» **EXTRACTED MATERIAL**:
....

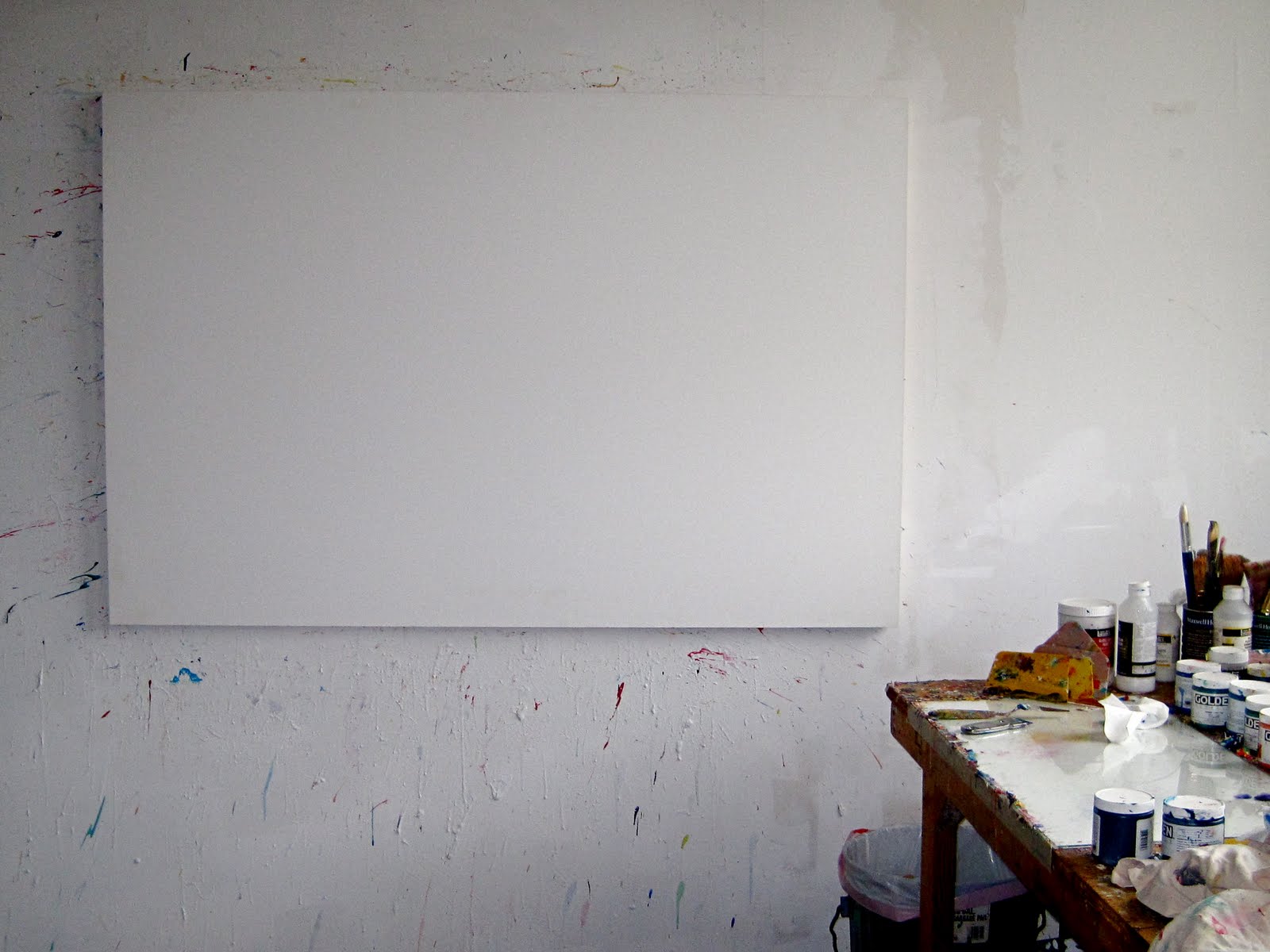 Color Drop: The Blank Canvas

....

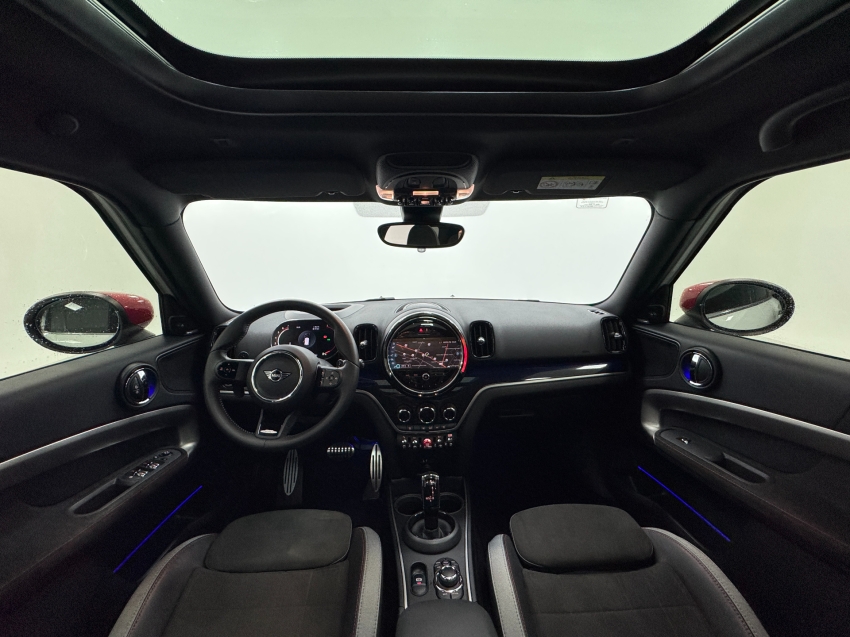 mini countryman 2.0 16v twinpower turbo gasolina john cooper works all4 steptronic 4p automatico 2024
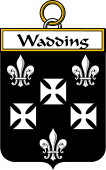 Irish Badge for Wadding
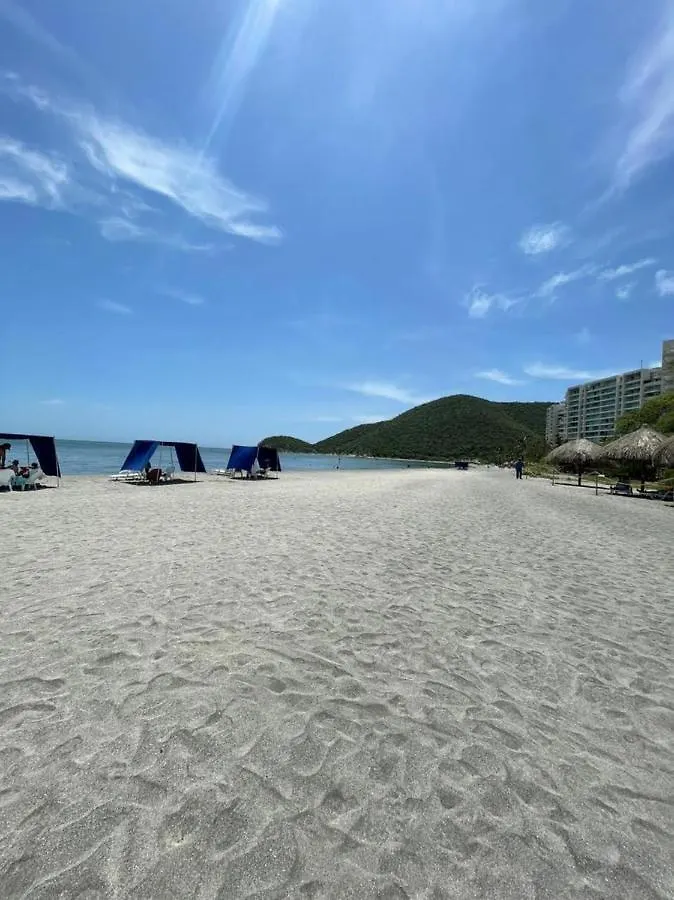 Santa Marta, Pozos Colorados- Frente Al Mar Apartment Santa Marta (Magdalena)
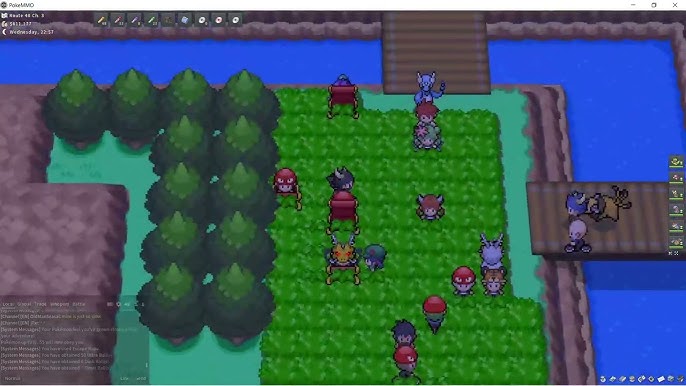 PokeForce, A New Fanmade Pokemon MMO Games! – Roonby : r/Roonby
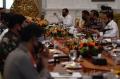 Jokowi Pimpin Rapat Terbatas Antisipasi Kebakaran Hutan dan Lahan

....

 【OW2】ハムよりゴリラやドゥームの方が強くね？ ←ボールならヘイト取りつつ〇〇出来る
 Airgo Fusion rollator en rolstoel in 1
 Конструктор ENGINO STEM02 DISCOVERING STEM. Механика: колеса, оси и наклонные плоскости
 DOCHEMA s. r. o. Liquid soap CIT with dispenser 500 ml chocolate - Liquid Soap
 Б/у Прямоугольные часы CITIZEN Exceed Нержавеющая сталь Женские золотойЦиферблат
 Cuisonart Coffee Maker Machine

....

» **DESCRIPTION OF THE TASK**:
What is wanted is an exact copy of the lines above from the one containing "Irish Badge for Wadding" through the one containing "Jokowi Pimpin Rapat", with no pictures in it.

» **RESPONSE**:
 Irish Badge for Wadding
 Santa Marta, Pozos Colorados- Frente Al Mar Apartment Santa Marta (Magdalena)
 PokeForce, A New Fanmade Pokemon MMO Games! – Roonby : r/Roonby
 Jokowi Pimpin Rapat Terbatas Antisipasi Kebakaran Hutan dan Lahan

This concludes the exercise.